The Public Life of Sherlock Holmes: The Master Plot Formula (per Lester Dent)
Lester Dent was a prolific pulp author, best remembered for creating the adventure hero, Doc Savage.
And speaking of Doc Savage, there is currently a Shane Black film project to star Dwayne ‘The Rock’ Johnson as The Man of Bronze. Hopefully it will introduce Savage and Dent to a new generation.
The Doc Savage stories were published under the house name of Kenneth Robeson, which is a reason Dent’s name isn’t as well-remembered as it should be.
Dent cranked out 159 Doc Savage novels, but he also wrote hundreds of short stories for the pulps across several genres, including war, westerns and mysteries. The John D. MacDonald fan (which should be everyone!) might want to check out his two Oscar Sail stories for a little hint of Travis McGee. “Sail” is included in the massive (over a thousand pages!) anthology from Otto Penzler, The Black Lizard Big Book of Black Mask Stories.
Will Murray (whose name you’re going to be seeing again here at Black Mask very soon) compiled a thorough bibliography, and it includes a very nice intro about Dent.
Dent, who died in 1959, a few weeks after suffering a heart attack, left behind a master plot formula for generating 6,000 word short stories. I’m going to let you read it below, in full, then give you some comments related to it from one of the top fantasy authors of all time.
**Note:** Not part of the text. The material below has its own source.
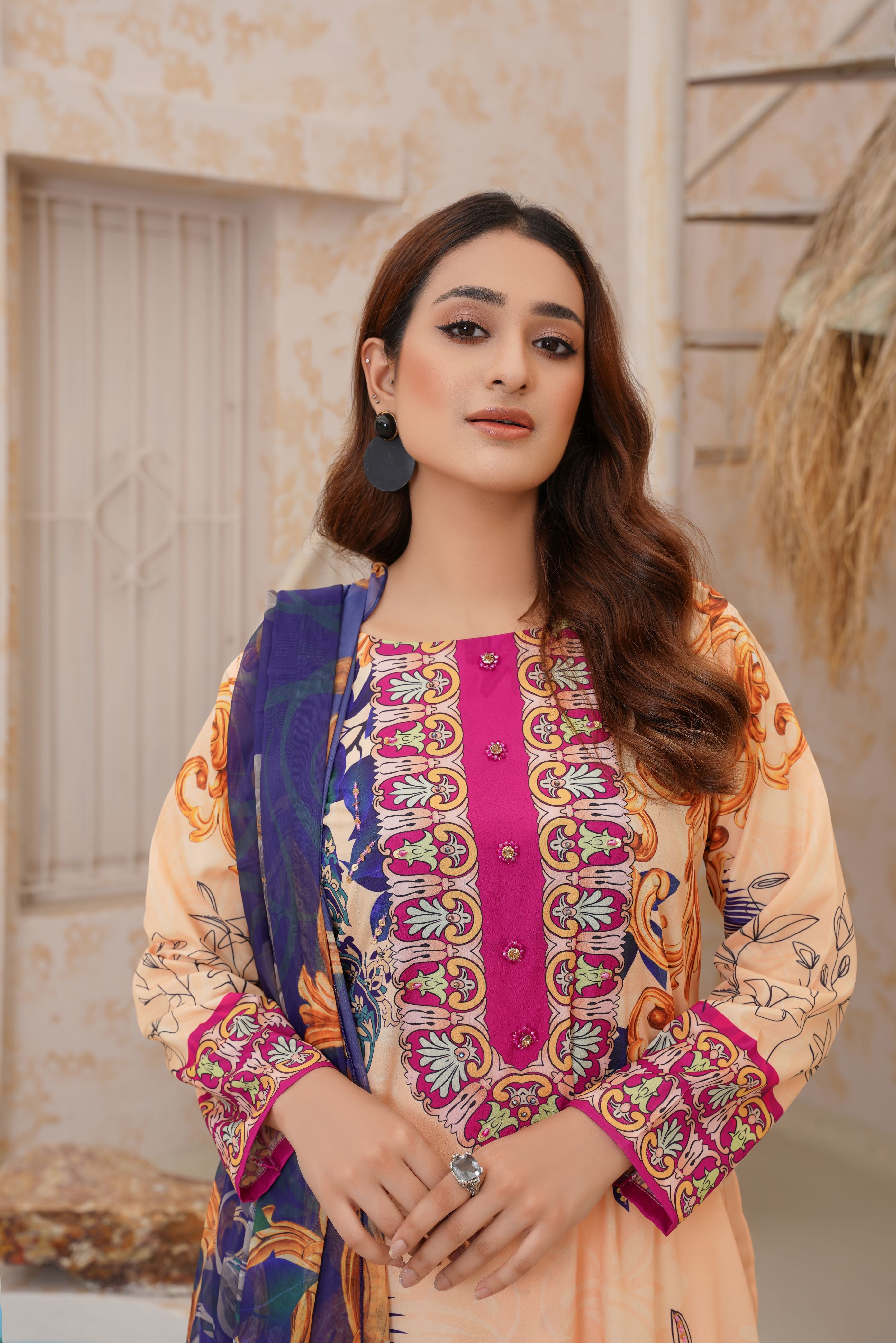 Vibrant 2-Piece Stitched Floral Printed Peach & Blue Suit with Silk Dupatta SJ-157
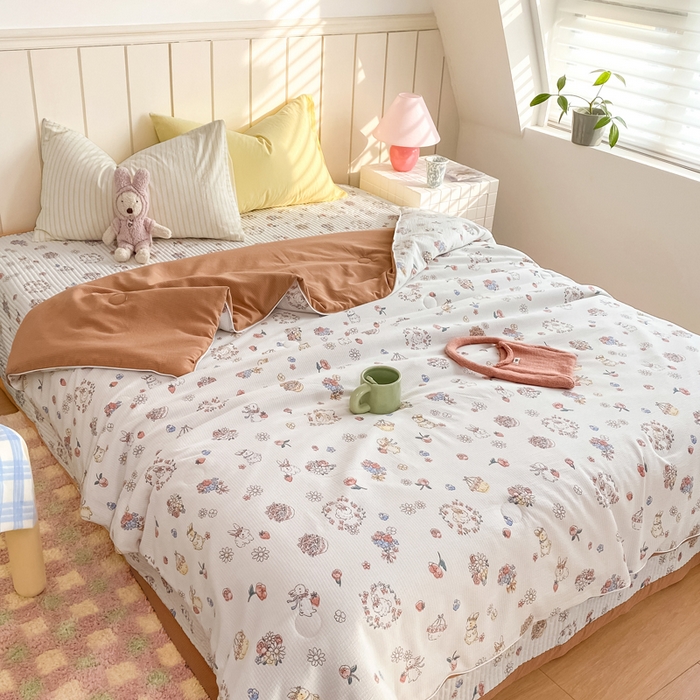 91家纺网 家纺一手货源 找家纺 （总）羋多家纺 2024新款麻绳印花小米棉夏被云感泡芙棉被子泡泡纱单夏被（另有单独床盖）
This is a formula, a master plot, for any 6000 word pulp story. It has worked on adventure, detective, western and war-air. It tells exactly where to put everything. It shows definitely just what must happen in each successive thousand words. No yarn of mine written to the formula has yet failed to sell. The business of building stories seems not much different from the business of building anything else.